Since interviewing the creator of Ruby on Rails, David Heinemeier Hansson, I've been thinking a little more about what he calls "opinionated software."
That handy little phrase seems to sum up what attracts me to a lot of technology, at all levels.
What I like
Free software--it's not really economics that drew me to free software, but the principles and aims. When you release or use free software, you're exercising your right to free speech and adding your voice to an argument.
Desktop environments--GNOME 2.0: The move from GNOME 1.0 to version 2.0 was highly opinionated (Mac users, think OS 9 to OS X). Complexity of user interface was thrown out in favour of sensible defaults.
Web standards--CSS, RDF, XHTML: not only is there a right way to do things, but it turns out to be better too! I don't automatically fall in love with everything that emerges from the W3C, but some things are so obviously the right way it's impossible not to love them--warts and all.
Muine music player--this player throws out the paraphernalia of iTunes clones and gets you close to the music. Queue, play. What I want to do.
Epiphany web browser--a simple text bar does for bookmark lookup, search and URLs.
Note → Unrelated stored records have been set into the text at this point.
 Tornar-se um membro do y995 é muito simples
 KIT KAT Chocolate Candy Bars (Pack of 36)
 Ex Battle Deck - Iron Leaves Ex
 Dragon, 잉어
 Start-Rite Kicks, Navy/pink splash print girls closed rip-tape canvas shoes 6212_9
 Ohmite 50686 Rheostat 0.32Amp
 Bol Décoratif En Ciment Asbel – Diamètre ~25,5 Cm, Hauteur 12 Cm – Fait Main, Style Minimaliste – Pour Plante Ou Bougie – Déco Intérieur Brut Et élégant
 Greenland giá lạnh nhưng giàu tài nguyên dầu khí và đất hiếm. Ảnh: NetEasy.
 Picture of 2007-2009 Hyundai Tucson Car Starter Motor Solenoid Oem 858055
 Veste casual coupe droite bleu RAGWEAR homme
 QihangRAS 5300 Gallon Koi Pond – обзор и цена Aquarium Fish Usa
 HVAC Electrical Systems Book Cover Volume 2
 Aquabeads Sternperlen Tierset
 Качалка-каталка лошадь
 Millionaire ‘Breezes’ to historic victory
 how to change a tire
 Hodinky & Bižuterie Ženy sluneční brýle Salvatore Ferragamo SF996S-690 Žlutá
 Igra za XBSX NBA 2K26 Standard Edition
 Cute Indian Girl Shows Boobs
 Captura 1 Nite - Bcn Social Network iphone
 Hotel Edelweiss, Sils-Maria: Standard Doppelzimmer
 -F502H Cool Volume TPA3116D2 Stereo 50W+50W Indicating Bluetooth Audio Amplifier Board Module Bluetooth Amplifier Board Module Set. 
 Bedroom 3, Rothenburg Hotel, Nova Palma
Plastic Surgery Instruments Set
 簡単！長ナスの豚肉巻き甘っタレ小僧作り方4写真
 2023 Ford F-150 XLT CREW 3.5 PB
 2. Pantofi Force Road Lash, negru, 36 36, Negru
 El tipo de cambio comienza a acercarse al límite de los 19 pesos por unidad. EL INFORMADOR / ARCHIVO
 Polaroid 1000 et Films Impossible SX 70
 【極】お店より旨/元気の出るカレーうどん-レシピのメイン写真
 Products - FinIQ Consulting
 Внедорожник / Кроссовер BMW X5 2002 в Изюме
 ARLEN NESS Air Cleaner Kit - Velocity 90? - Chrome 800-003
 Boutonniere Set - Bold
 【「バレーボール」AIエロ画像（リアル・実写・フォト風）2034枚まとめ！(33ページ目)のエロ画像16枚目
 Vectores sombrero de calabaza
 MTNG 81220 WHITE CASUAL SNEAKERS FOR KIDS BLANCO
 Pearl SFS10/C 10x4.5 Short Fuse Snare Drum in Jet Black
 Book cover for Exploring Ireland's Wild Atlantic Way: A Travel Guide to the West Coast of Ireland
The bookmarks work like del.icio.us tags. Despite the lure of Firefox extensions, simplicity and efficiency keeps me with Epiphany.
Make friends and enemies
The thing about opinions is that people are inclined to disagree with them. Opinions won't please everybody and, being opinionated, you will never carry everybody with you.
But opinions give you something with which to scythe through indifference. In both my writing and software development work taking a particular stance enables me to create interest, and gives direction to my projects. I tend to get bored easily, and if I'm bored, then my readers and users will never make it.
Being opinionated in software development is easier when there's a strong leader, or it's a one-person project. It's more of a dilemma if you're running a free software project with multiple contributors.
Such projects need such contributions, but run a risk of losing focus and style. I think that there we need to be brave again. If being opinionated means losing potential users, it also means losing potential contributors.
Opinions help in dealing with users, too. It's obvious that the mere act of listening to users isn't good enough. They often won't say what they mean, or their requests mask a deeper issue. How often have you given your boss exactly what he asked for, to find it wasn't what he wanted? A combination of reading-between-the-lines and having opinions helps cut a way through the noise of user feedback.
Stirring the pot
Here are a few wishes for some free software projects that I want to see succeed further, but which really need to get opinionated to be effective. These projects aren't failing, but they're not reaching the potential I know is there.
Each of them are infrastructural in some way, and that's probably where the temptation to avoid being opinionated is strongest. But here's the genius: the rewards of being opinionated here are high. Ruby on Rails is the existence proof.
What's better? A handful of users with the "right" idea about how fundamentally important you are to everything, or loads of users who only see a portion of the capabilities of a project?
Copy the experts
It may seem like cheating to copy Apple's lead, but a lot of what they've done in OS X is to take a stand on what's useful and not. On many occasions this has inconvenienced people, but it's not eroded that special lure that Apple products hold. There's not harm in asking "What have Apple done?" with some of our projects.
Another poster-child for being opinionated is Ubuntu Linux. Technically, it's only marginally better than other Linux distributions. Strategically, it's miles ahead. Its founder, Mark Shuttleworth, had very solid opinions about where Ubuntu should go, and pursued them. Over time, these have pervaded the product itself, but at the start it was the message and the style that made the difference.
Opinions not expressed are rarely effective.